Study material START

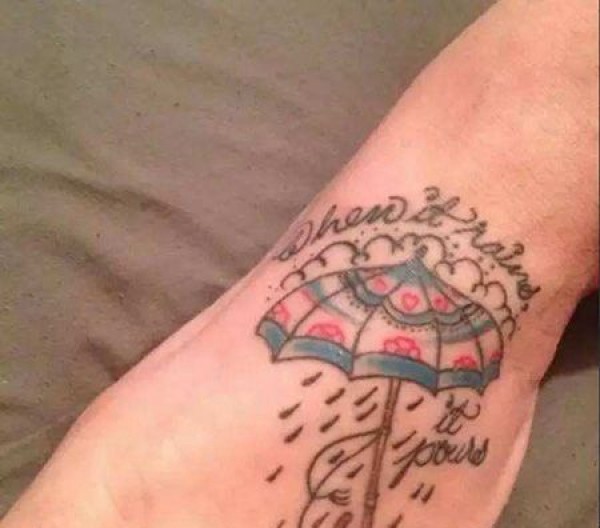 脚背雨伞纹身图片
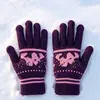 Guantes de cinco dedos cálidos y resistentes al frío para estudiantes, con diseño de jacquard, dibujos animados, múltiples colores, textura tejida y un diseño engrosado, cómodo y versátil, perfectos para usar en otoño e invierno.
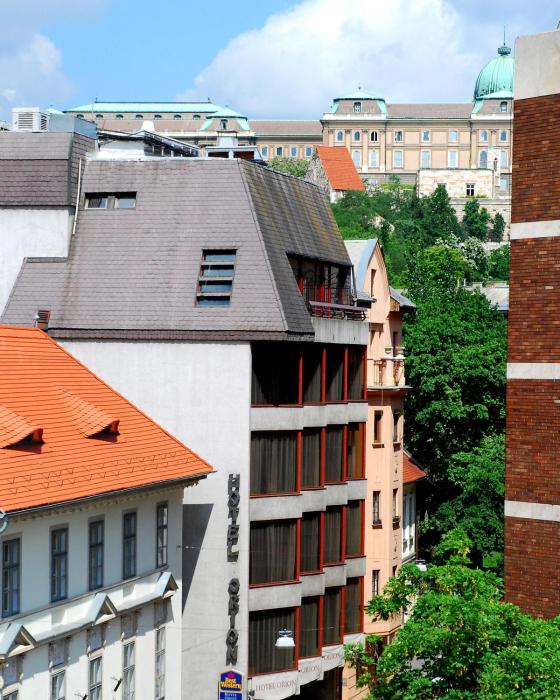 hotel orion varkert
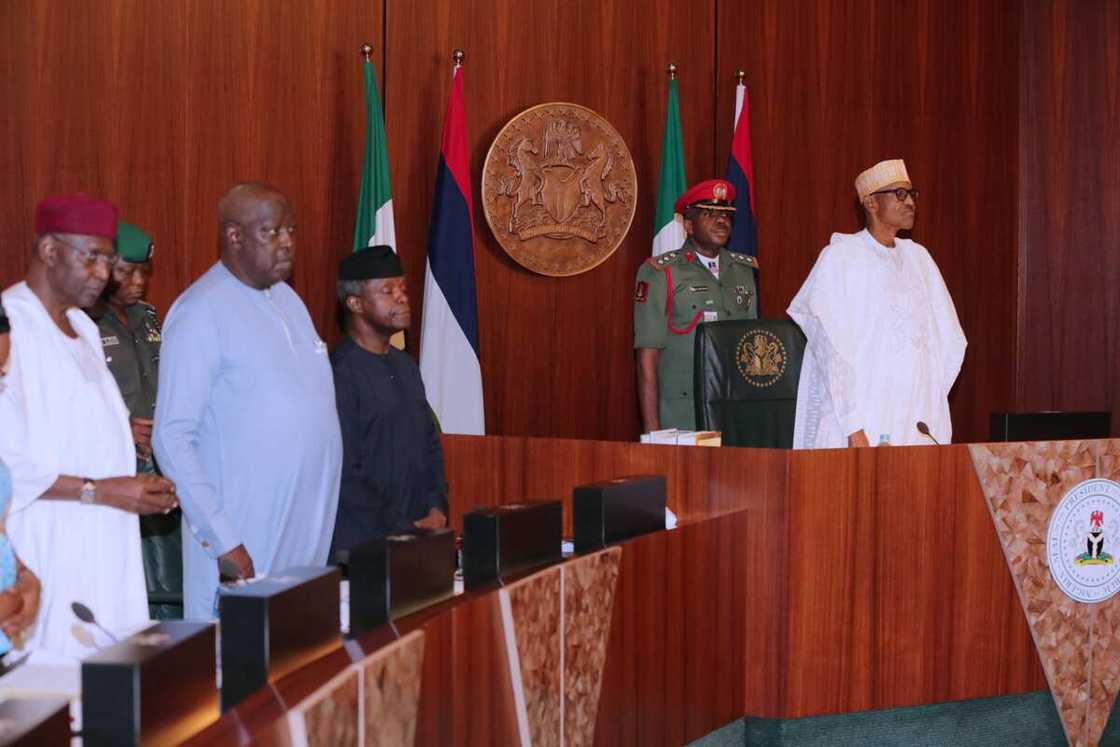 Tsohon Sakataren Gwamnatin Tarayya Tsohon Sakataren Gwamnatin Tarayya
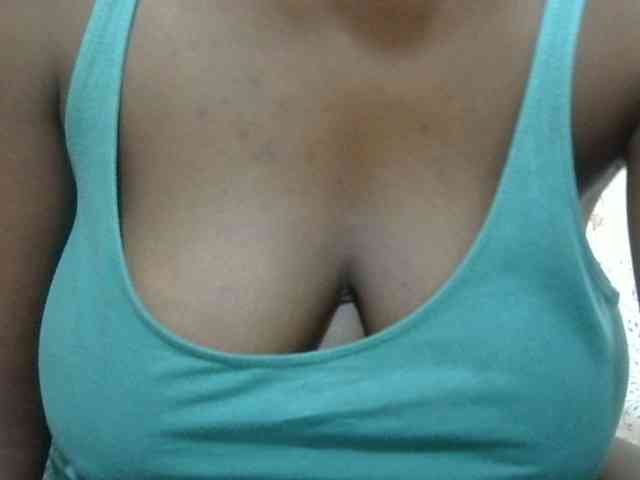 pretty-lioness webcam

Study material END

What the exercise asks
Without the pictures, give back the entries exactly.

Task answer
 脚背雨伞纹身图片
 Guantes de cinco dedos cálidos y resistentes al frío para estudiantes, con diseño de jacquard, dibujos animados, múltiples colores, textura tejida y un diseño engrosado, cómodo y versátil, perfectos para usar en otoño e invierno.
 hotel orion varkert
 Tsohon Sakataren Gwamnatin Tarayya Tsohon Sakataren Gwamnatin Tarayya
 pretty-lioness webcam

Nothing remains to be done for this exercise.